Riders and horses train daily for the two and a half minutes of competition in the arena. Cutting horses are bred to work cows. They begin training as two-year-olds and are shown at age three at the Futurity level. Four-year-old horses compete in the Derby category, and horses five and six years old compete in the Classic Challenge. On average, riders hold 20 years of experience, cultivating the relationship between horse and rider to fine-tune both reaction and style.

Clarke explains that it is easy for those interested in the sport of cutting to find a local trainer and ask for a test drive.

“All I can say is it will be the most exciting two and a half minutes of your life,” she said.

The Vern Weible Memorial Youth Scholarship Cutting event, featuring junior competitors vying for college scholarships and other prizes, will also be held. Young cutters are the grassroots of the industry, Clarke said, and the event helps to encourage their future and education.

New to this year’s event is the Ranch Raised division, which is open to all futurity horses in Open and Non‐Pro divisions who have been bred, raised and shown by the same entity throughout their lives. $2,500 will be awarded in both the Open and Non-Pro divisions.

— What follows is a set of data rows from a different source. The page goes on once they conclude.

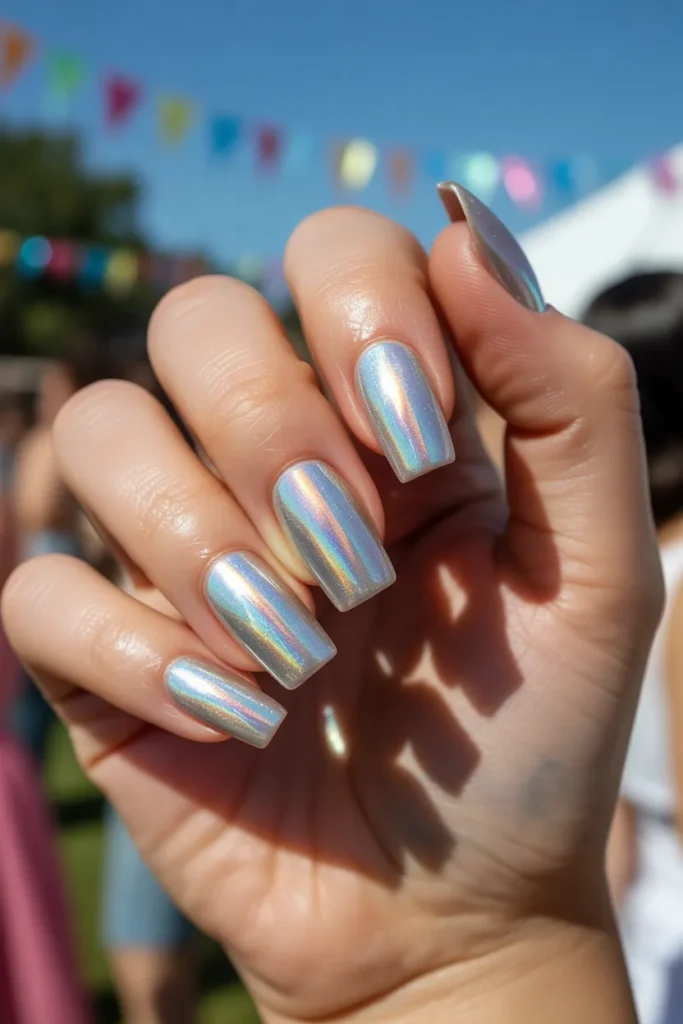 Silver Holographic Nails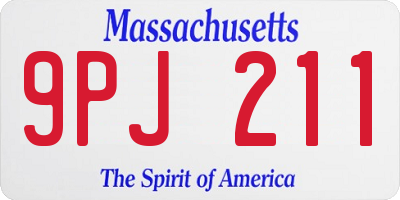 MA license plate 9PJ211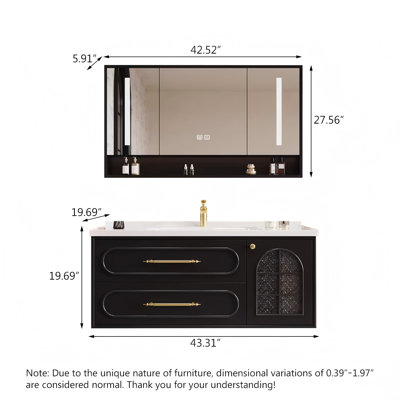 Meuble-lavabo mural vintage en bois d'hévéa massif avec lavabo en céramique intégré et armoire à miroir intelligent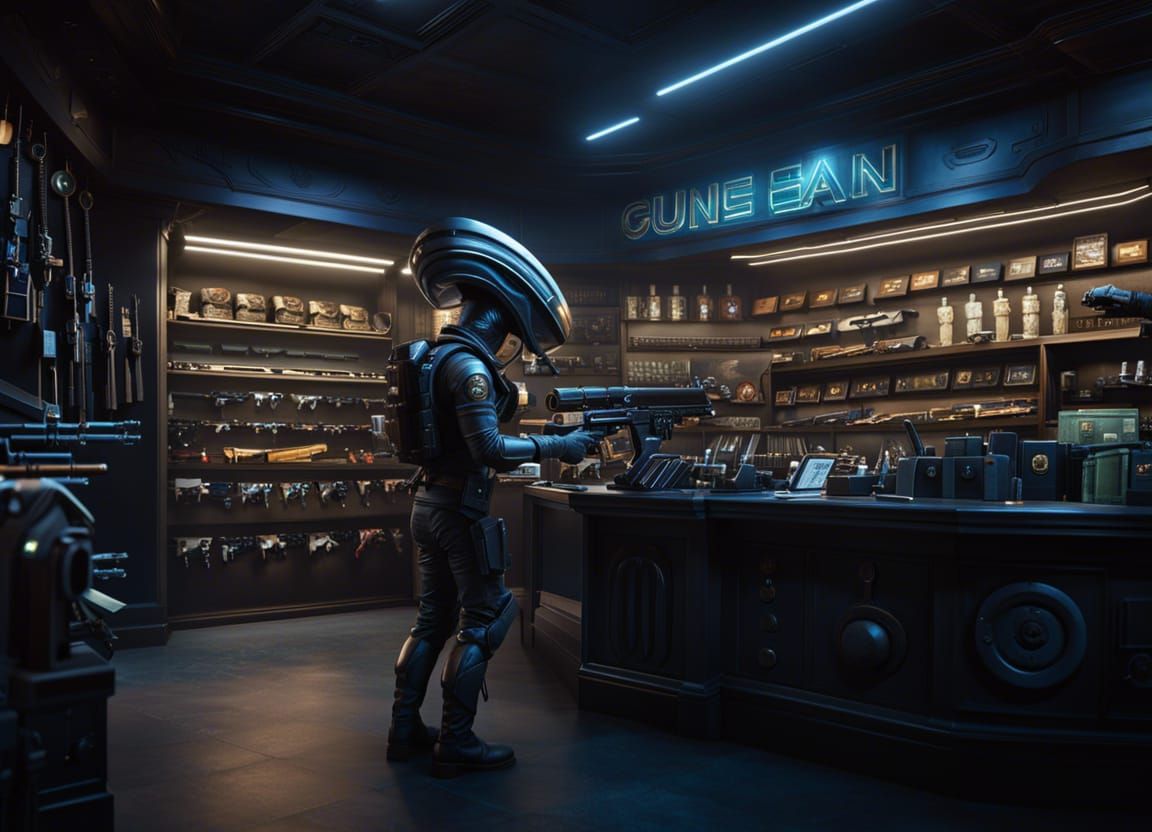 Alien Gun Store in Space-Western Style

At the Western Heritage Expo, attendees will be able to shop more than 25 equine and western vendors, many of which are based in Oregon. The diverse group of vendors will be offering apparel, custom-made felt hats, western tack, artwork, custom leatherwork, handcrafted knives, wine samples, and veterinarian and horse therapy services.

The concourse at the Expo Center will be filled with vendors, a western-style town and saloon, and comfortable furniture to create a warm Oregon welcome for both contestants and guests.

“Watching elite equine cow horse athletes and their riders work against the clock for big dollars and awards is exhilarating,” Clarke said. “Bringing the western tradition of herding cattle on the range to the show pen shows the diverse abilities of the American Quarter Horse.”